I started the Twitter Reply category so I would be able to reply to things I saw on Twitter that needed to be done outside of the 140 character limit. I’ve used it this way a few times, however, today usage is a little different. Although it incorporates Twitter and it’s going to take longer than 140 characters, I’m not actually replying to someone so much. Instead, I am bringing up an event that transpired on Twitter.
First, let me begin by saying how impressed I am with at least one of the developers — I’m guessing he’s a developer — working on the AWSPowerShell module. Last Wednesday, I tweeted that I had started and then stopped an EC2 instance using the Start-EC2Instance and Stop-EC2Instance cmdlets. I noticed a naming difference between identical parameters used by these two, complimentary cmdlets, as I mentioned in my Tweet.

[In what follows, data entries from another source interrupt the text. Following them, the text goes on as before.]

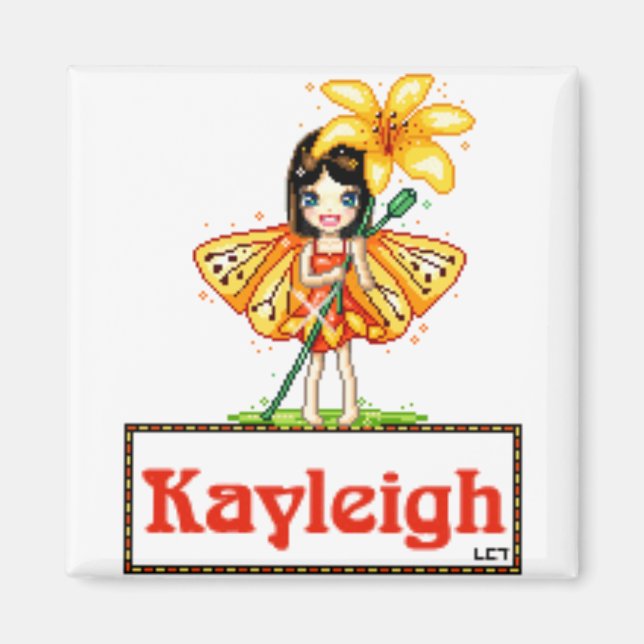 Kayleigh Magnet (Front)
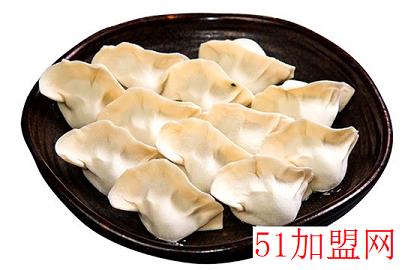 饺菜饺趣水饺加盟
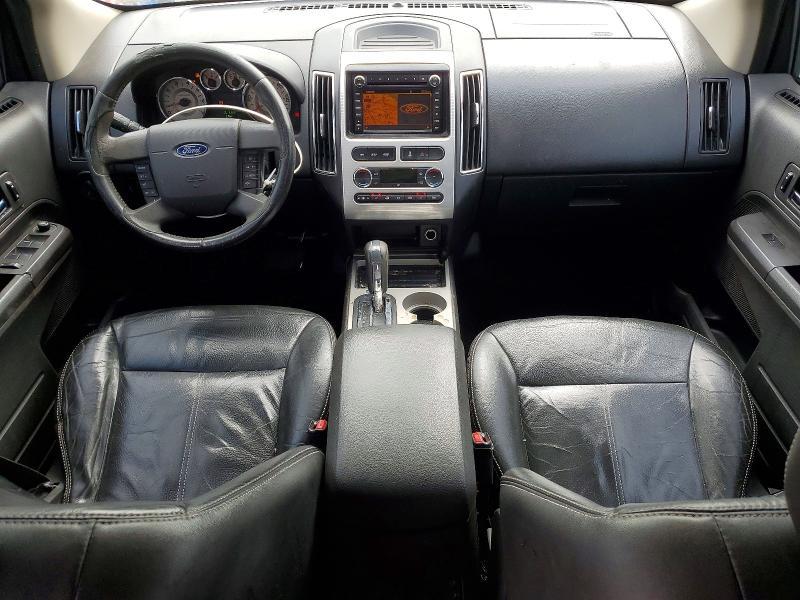 2010 Ford Edge sel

— Tommy Maynard (@thetommymaynard) May 4, 2016
Steve Roberts — a complete stranger to me — replies to my tweet as he must follow the #AWS hashtag. The part the sticks out is that he wrote, “…Fixing…,” as if he was going to correct this difference. Hilarious, right?

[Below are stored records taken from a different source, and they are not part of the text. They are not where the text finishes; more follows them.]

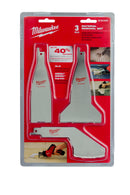 Milwaukee 3Pc Material Removal Set - MLW-49-22-5403 | MFVCanada.com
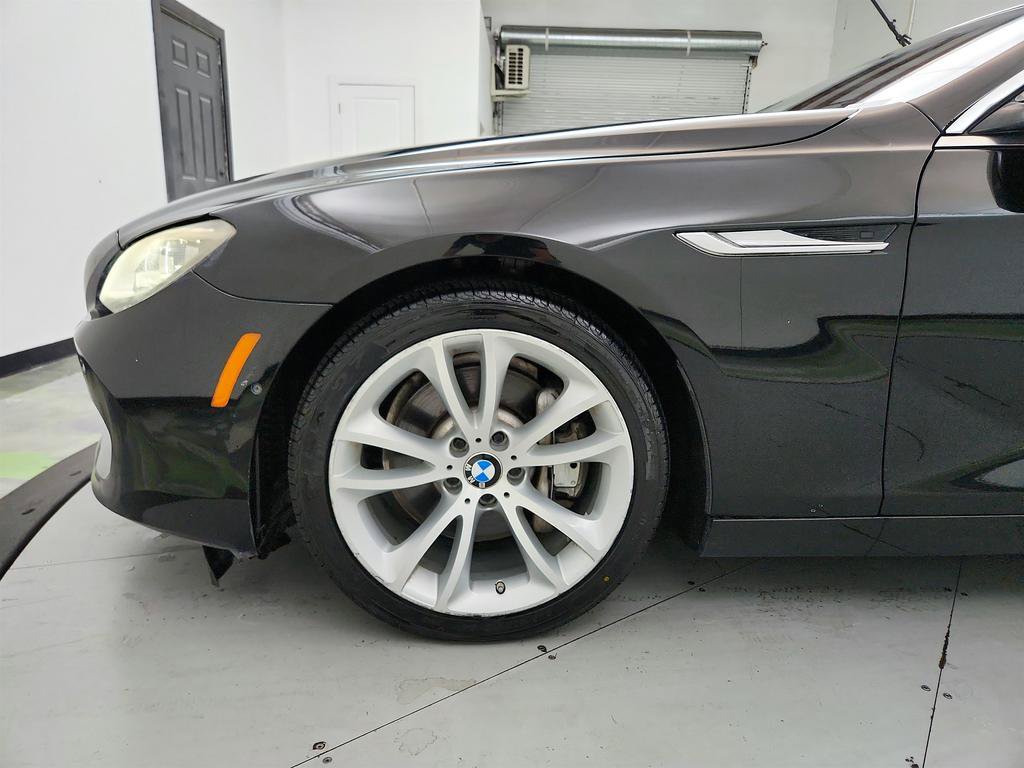 Used 2014 BMW 640i Gran Coupe RWD image 30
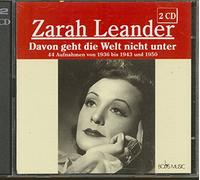 Leander,Zarah - Davon Geht die Welt Nicht Unter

@thetommymaynard oops, that was us trying to indicate it could take reservation collections as well as instance ids. Fixing…
— Steve Roberts (@bellevuesteve) May 5, 2016
Cut to just over 24 hours later and it’s fixed. I downloaded the newest version of the module, installed it, and tested it. It was fixed. The complimentary cmdlets now use the same, -InstanceId parameter.
@thetommymaynard FYI, fix released in version 188.8.131.52 today.
— Steve Roberts (@bellevuesteve) May 6, 2016
Did that really just happen? For all I knew, this Steve guy was messing with me, but no, my Tweet really did initiate a (very minor) fix included in the newest version of the AWSPowerShell module. That’s a first. Well, I’ve found a new problem. Maybe I can get that one fixed, too. I’ll be writing about that in an upcoming post and will link it from here, as soon as it’s complete.